Several limitations of this study need to be acknowledged. First, the study was conducted at a single institution, and participants were restricted to nurses in one teaching hospital, which limits the generalizability of results. Future studies are encouraged to involve nurses from other health sectors. In addition, the data collection used a self-administered questionnaire to reflect nurses’ feelings, which can vary over time. Also, future studies should focus on working conditions and other factors that can affect ProQOL.

Our study focused on stress, job satisfaction, and burnout, which are intrinsically related to nursing work, but future research should explore differentiating between sources of stress (e.g., work-related or family-related). Personal stressors such as family problems, financial status, and difficult relationships should be investigated in relation to work-related stress, burnout, job satisfaction, and nurses’ overall health [77]. More research is required to address the underlying causes of nurse dissatisfaction [78].

Cross-sectional surveys, whereby each participant’s exposure and outcome are determined at the same time, make causal inferences difficult. Random and large-scale sampling is needed to ensure that each person has a similar chance of being included in the study and that the recruited sample represents the study population. This limitation necessitates additional longitudinal research into the mediating effects between ProQOL, stress, and job satisfaction among nurses [79].

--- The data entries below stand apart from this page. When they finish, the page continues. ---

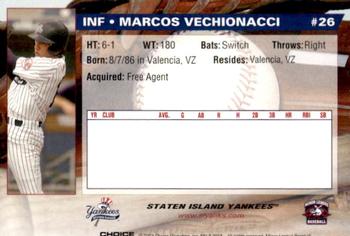 2004 Choice Staten Island Yankees #26 Marcos Vechionacci Back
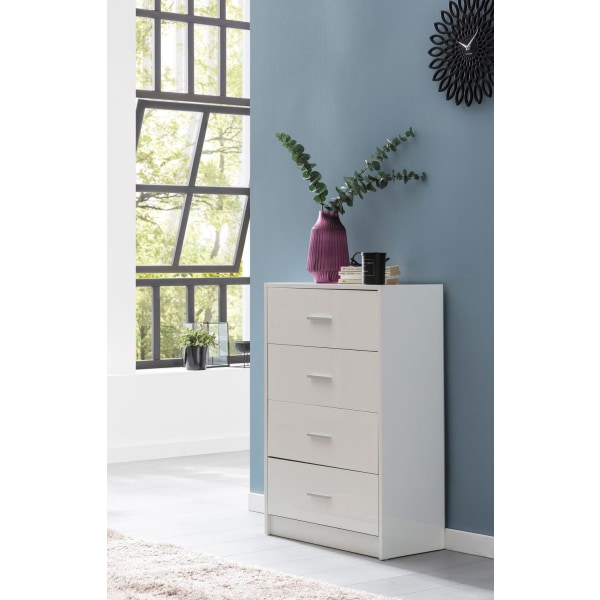 Rootz Design Skænk Hvid Højglans 60x90x30 cm Skænk Træ Moderne - Smal skuffe kommode Spisestue - Lille universalskab entre Linned kommode soveværelse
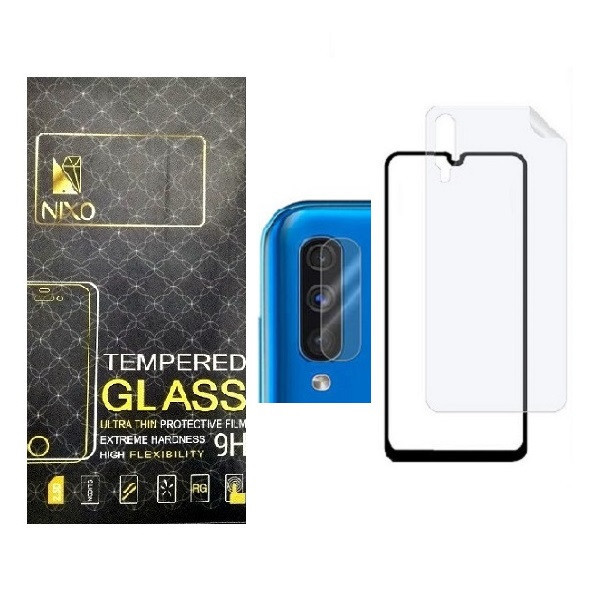 محافظ صفحه نمایش نیکسو مدل FUL مناسب برای گوشی موبایل سامسونگ Galaxy A50 به همراه محافظ پشت گوشی و محافظ لنز دوربین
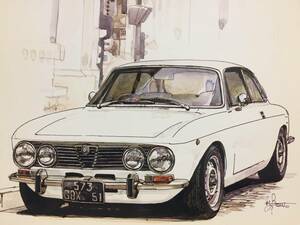 【正規品 絶版】Bowイラスト ポストカード アルファロメオ2000GTV カーマガジン AlfaRomeo 2000GTV 絵葉書 旧車 絵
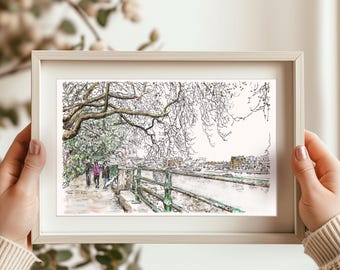 Bishop's Park London Art Print: Riverside Thames Illustration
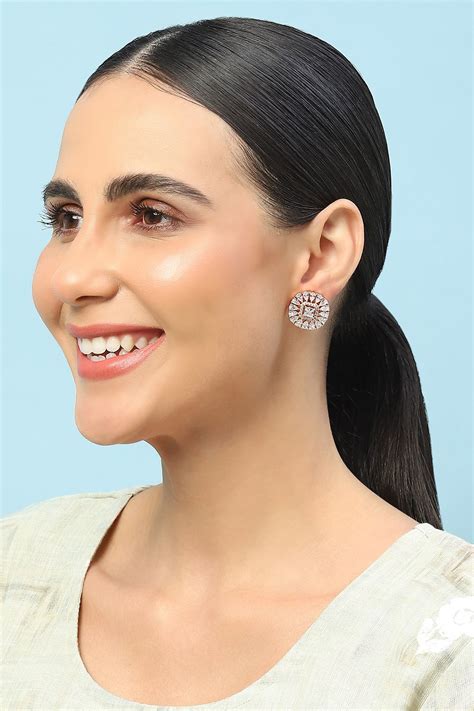 Rose Gold Brass Earrings at Biba India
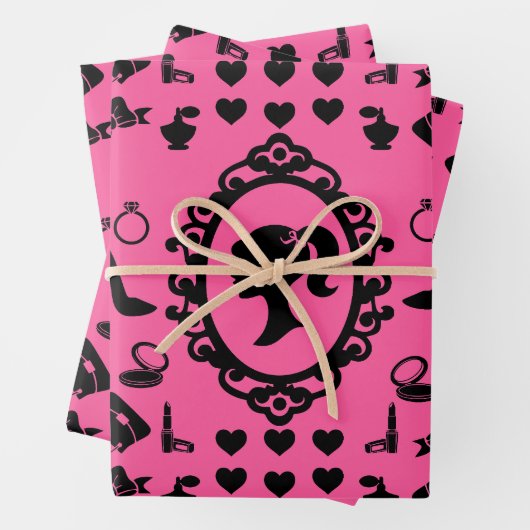 Glitter Doll Verjaardag Roze Glam Mode Inpakpapier Vel (In situ)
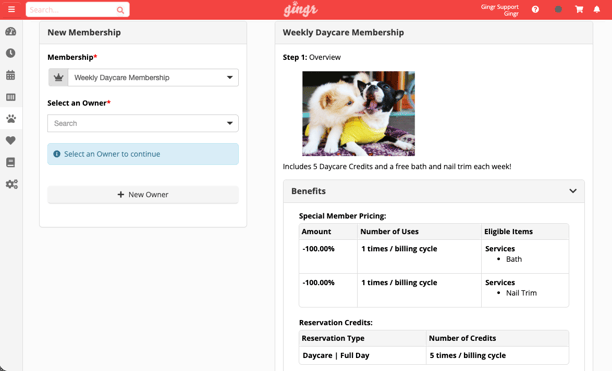 Gingr memberships screenshot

Although the findings should be interpreted with caution, this study has several strengths, including the combination of stress and job satisfaction in the ProQOL framework as one construct because of the interaction between those factors. Moreover, involving nurses from different units helps represent both the critical and noncritical care units, which are represented in the results. It is recommended that further research implement this approach in different clinical sites, and a longitudinal study evaluating ProQOL over time would be very useful.

Data Availability

Data are available from the corresponding authors upon reasonable request.

Conflicts of Interest

The authors declare that they have no conflicts of interest.


The authors would like to thank all the nurses who participated in this study, and they also thank Dr. Khaldun Aldababi for his scientific and statistical consulting and Dr Mark Alvarez for his advice and assistance.